The danger is that ex-clients of IFAs end up at the bank or visit a direct sales force (run by an insurance company) who only charge commission and of course, aren’t independent.
It is a shame that the few spoil it for the majority. It is clear from the posts that there is a significant number of people who have not received good service and value from IFAs, yes properly qualified IFAs, not Sales people working for the Banks. I agree there have been IFAs who have ripped people off as in any walk of life, but this is a minority. The public really still haven’t woken up to the fact that it is the Banks and Building Societies and hence Life Insurane companies who have missold with poorly qualified ‘Sales’ people for years and years – the perception still unbelievably is they can be trusted. The average IFA in Yorkshire England earns £30,000 per year and believe you me the amount of hours that goes in to that to do the job justice and keep compliant is 50+ per week. Please let some common sense prevail – it is a minority of IFAs who rip people off and to be honest with the huge increase in regulation, exam requirements and fees to be an IFA, most of the crooks left the business 5+ years ago. Most IFAs I know genuinely have great concern for their clients and is often the case give free advice on a regular basis, yes free – how many professionals would do that?
It is a lack of understanding by the general public which us decent, moderate, caring IFAs are trying to change every day let alone try to earn a living. Commons sense please.
I’m sure there are some decent financial advisers out there, just as some criminals phone Crimestoppers when a granny gets mugged.
But I think the system based on commission is fundamentally flawed.
For instance, two-thirds of IFAs have never advised ETFs for their clients, despite them being a very cheap and easy way to construct a portfolio. And in two decades of reading the weekend papers quote financial advisers for recommended funds, I can’t actually remember them ever suggesting a tracker fund.
The reason is clearly that these products don’t pay commission.
Happily in 2012 all commission will be banned, and any excellent financial advisers out there will be able to charge fees for their worthwhile advice, without taint from the reputation of those who look for what kickback they’ll get before they think of their client.
There is another reason why ETFs have not taken off in the adviser community.
Platforms like FundsNetwork, Co-funds and Skandia (the big three) have been slow to offer them.
Advisers have complained about this and the reason is simple, the Platforms take commission from OEICs and UTs. This is a big part of their business model.
There are advisers recommending ETFs, but it’s a lot more difficult when some of the bigger players are not playing ball. The same can be said for Investment Trusts.
In reality ETFs will become far more sold in the future. But probably only by IFAs and not the banks that dominate the retail market.

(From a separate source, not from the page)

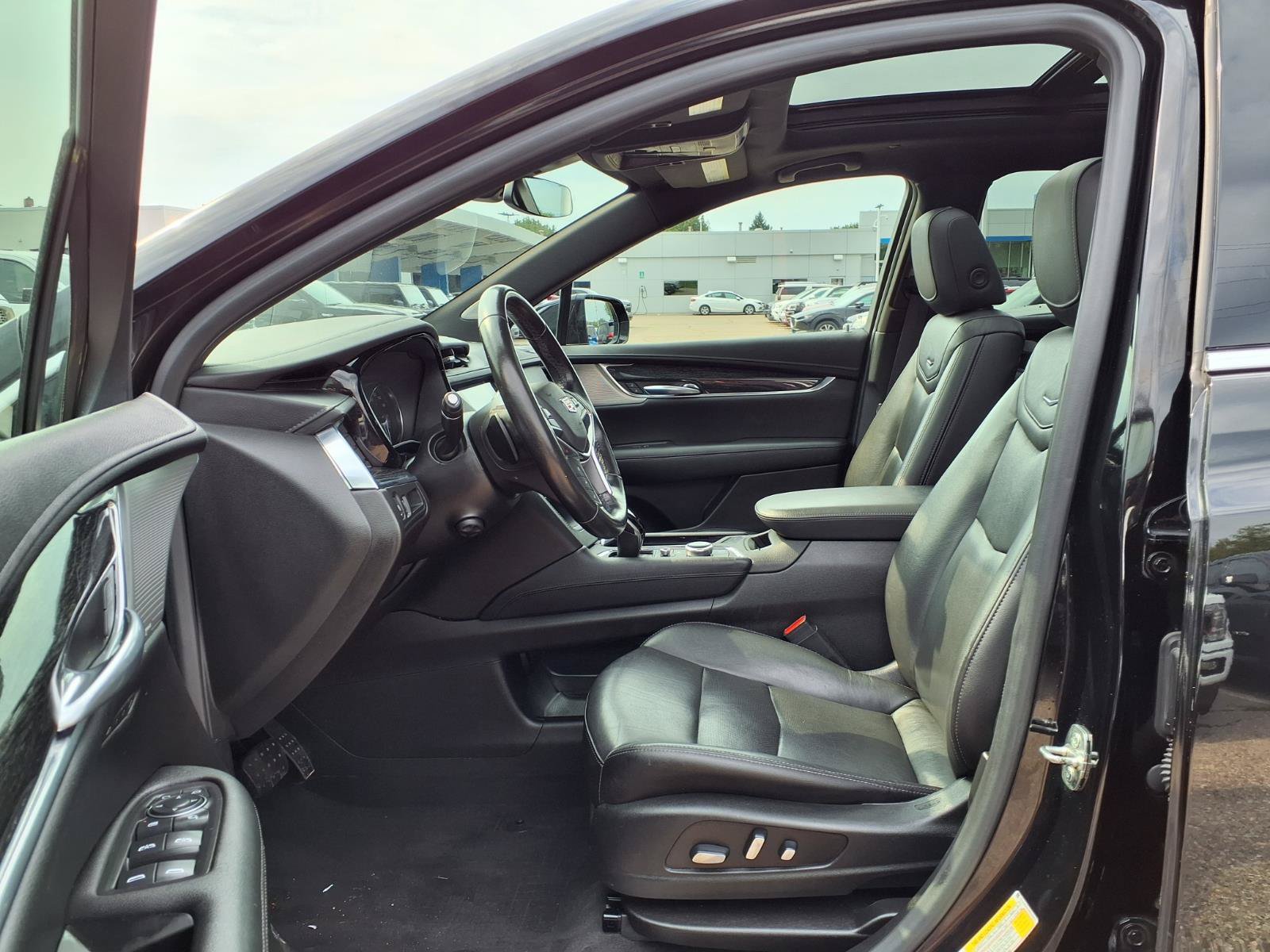 Used 2021 Cadillac XT5 Premium Luxury w/ LPO, Floor Liner Package AWD/4WD image 17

As for pensions there’s no chance of using ETFs in a Stakeholder or Personal Pension, only in SIPPs. Therefore, by definition some IFAs simply won’t be able to offer them to their clients as they’re not the type to benefit from a SIPP and the associated charges that go with them.
Hi Thomas,
That’s fair enough, but very cheap and low TER tracker UTs are available through these platforms, and seem to be rarely advised. (Not in the example of my friend quoted here, various other friends in pension schemes, and also not in the weekend papers when advisers to a man recommend managed funds, with the very occasional final paragraph offering a nod to passive options).
Thanks for your insights into IFA perspective though, and for rounding out the picture.
@Thomas – You make some good points here. I would add that ETFs are relatively new to the UK retail market, unlike in the US where they have been around for years.
Also, It’s far from clear cut that ETFs and trackers are some kind of investment panacea. Sure, by going passive you cut out the risk that you’ll pick an underperforming manager, but there are issues like tracking errors to consider with trackers – they’re not all the same. And ETFs are only available on true wraps, not platforms like CoFunds, Skandia and Fidelity.
@TI I realise that a headline grabs readers – it grabbed me after all – but this one is a bit over the top. I’m not a leech or a swindler, but I acknowledge that here are many out there who are, particularly those working for banks. Like you, I rejoice at the introduction of RDR and look forward to much of the crap being weedled out of the IFA market at least, though as @Thomas says, the banks will be restricted and be able to accept commission.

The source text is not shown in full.